A UNIGE team's discovery of a prehistoric workshop in Senegal sheds light on the little-known hunter-gatherer presence in West Africa.

What do we know about the last hunter-gatherers who lived in West Africa? While these prehistoric populations have been extensively studied in Europe and Asia, their presence in this vast region — covering 6 million square kilometres, more than ten times the size of France — remains poorly documented. Using an interdisciplinary approach, a team from the University of Geneva (UNIGE) working on one of the rare archaeological sites in Senegal dating back to the early Holocene, over 9,000 years ago, has now uncovered new insights into these communities and the stone-knapping techniques they used to make their tools. These findings are published in PLOS One.
The subsistence of prehistoric hunter-gatherers relied on hunting, gathering, and fishing. Nomadic or semi-nomadic, their groups moved with the seasons and the availability of resources. Present on every continent, this way of life dominated human history until the gradual emergence of pottery, animal husbandry, and agriculture during the Neolithic, which unfolded at different times and in different ways across the world.
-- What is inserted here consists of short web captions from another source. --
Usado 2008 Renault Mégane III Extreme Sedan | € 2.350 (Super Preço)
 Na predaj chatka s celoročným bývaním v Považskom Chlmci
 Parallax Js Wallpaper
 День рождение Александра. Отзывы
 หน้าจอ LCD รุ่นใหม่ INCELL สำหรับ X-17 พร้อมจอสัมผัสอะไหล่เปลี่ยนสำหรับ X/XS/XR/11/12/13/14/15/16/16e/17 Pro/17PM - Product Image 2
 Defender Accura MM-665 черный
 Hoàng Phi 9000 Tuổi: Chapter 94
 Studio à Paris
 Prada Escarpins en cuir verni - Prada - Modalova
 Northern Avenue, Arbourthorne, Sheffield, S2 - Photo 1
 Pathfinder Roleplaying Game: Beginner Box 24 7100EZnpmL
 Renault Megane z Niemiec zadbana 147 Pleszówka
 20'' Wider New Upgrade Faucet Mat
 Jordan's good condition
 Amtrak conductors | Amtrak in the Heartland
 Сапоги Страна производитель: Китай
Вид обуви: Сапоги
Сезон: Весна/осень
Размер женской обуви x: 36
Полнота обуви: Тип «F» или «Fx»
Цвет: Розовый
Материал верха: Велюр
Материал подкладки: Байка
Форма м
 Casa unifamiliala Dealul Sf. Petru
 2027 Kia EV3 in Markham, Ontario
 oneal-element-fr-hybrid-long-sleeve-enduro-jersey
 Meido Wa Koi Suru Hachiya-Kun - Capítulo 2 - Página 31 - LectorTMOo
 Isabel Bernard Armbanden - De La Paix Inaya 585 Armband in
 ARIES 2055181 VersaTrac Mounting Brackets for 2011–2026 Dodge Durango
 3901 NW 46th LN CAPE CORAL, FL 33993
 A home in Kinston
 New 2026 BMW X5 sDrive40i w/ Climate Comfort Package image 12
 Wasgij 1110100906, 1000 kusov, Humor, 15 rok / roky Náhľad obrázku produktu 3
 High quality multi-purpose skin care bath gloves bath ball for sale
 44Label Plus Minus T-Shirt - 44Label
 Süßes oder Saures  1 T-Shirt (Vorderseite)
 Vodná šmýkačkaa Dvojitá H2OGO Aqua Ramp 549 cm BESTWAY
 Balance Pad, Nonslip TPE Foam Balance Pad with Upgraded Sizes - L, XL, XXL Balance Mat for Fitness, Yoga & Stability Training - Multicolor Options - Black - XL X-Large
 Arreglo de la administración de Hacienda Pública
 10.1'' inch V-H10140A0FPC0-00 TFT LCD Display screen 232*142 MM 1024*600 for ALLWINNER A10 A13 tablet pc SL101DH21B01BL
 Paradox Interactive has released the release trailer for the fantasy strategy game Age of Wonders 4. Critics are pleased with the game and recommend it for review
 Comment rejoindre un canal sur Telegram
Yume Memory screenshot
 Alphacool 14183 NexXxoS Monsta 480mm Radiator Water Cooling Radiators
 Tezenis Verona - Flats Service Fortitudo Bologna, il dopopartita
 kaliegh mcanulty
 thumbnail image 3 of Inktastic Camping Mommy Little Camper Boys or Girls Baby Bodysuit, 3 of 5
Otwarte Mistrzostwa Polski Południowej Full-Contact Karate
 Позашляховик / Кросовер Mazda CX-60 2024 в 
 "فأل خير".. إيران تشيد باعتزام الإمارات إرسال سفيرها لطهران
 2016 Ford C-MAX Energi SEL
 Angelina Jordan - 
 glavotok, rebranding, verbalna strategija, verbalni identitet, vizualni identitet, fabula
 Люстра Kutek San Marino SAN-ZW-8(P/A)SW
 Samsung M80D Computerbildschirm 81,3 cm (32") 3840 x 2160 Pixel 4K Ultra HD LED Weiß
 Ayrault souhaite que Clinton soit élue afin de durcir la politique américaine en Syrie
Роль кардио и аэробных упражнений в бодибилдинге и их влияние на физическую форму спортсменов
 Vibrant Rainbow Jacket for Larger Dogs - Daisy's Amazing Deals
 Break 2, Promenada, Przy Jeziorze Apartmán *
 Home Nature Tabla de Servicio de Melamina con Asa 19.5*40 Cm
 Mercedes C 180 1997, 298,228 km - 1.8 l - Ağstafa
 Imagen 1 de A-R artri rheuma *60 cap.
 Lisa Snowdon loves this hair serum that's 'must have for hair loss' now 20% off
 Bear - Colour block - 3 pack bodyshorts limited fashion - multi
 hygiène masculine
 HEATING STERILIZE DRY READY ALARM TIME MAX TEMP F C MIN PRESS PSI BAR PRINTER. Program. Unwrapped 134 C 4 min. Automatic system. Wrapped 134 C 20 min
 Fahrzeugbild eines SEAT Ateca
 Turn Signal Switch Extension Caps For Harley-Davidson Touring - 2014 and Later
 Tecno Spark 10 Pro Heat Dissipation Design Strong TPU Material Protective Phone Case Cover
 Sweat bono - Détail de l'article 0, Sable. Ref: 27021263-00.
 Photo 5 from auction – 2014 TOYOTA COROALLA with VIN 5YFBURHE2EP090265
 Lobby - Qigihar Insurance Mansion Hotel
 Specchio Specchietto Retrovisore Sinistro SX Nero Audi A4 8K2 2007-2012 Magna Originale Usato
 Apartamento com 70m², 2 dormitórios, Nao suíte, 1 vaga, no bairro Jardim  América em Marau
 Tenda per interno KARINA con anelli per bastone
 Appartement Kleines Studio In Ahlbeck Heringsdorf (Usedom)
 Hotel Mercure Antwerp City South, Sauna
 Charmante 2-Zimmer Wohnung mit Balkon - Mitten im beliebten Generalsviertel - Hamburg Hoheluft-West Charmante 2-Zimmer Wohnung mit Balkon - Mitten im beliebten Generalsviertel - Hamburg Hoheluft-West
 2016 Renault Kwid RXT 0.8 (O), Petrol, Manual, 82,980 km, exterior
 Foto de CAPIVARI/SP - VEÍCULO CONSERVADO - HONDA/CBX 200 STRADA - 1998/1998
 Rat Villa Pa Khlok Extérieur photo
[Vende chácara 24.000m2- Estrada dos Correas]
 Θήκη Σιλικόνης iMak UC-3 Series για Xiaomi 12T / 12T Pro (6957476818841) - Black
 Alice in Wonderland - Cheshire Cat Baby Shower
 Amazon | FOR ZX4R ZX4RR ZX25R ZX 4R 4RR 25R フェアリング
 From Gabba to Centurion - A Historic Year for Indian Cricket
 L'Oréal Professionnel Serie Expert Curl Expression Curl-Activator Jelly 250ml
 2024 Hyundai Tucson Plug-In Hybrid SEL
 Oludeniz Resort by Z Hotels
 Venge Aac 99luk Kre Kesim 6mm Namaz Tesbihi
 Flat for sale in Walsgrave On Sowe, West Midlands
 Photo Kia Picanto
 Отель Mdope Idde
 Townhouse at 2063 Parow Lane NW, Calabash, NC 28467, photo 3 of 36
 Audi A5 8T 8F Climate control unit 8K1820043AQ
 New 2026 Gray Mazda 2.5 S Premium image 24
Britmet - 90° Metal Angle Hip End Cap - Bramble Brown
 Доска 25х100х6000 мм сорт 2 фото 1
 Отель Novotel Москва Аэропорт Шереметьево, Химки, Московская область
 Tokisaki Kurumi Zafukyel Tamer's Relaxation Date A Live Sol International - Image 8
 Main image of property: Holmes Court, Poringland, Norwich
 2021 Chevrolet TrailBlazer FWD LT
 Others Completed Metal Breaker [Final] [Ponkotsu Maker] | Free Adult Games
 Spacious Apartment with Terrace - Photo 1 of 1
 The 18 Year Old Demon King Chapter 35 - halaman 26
In this part of the continent, climatic and geological factors have not favored the preservation of stratified remains.
Numerous excavations in Europe, Asia, and southern and eastern Africa have allowed researchers to study and document hunter-gatherer populations in detail. In other regions, however — particularly in West Africa — their presence is much harder to trace. ''In this part of the continent, climatic and geological factors have not favored the preservation of stratified remains in the soil. Yet stratification is crucial: it captures successive phases of occupation and provides key information on chronology, lifestyle changes, and climatic and environmental evolution,'' explains Anne Mayor, director of the ARCAN Laboratory at UNIGE's Faculty of Science and senior lecturer and researcher at the Global Studies Institute.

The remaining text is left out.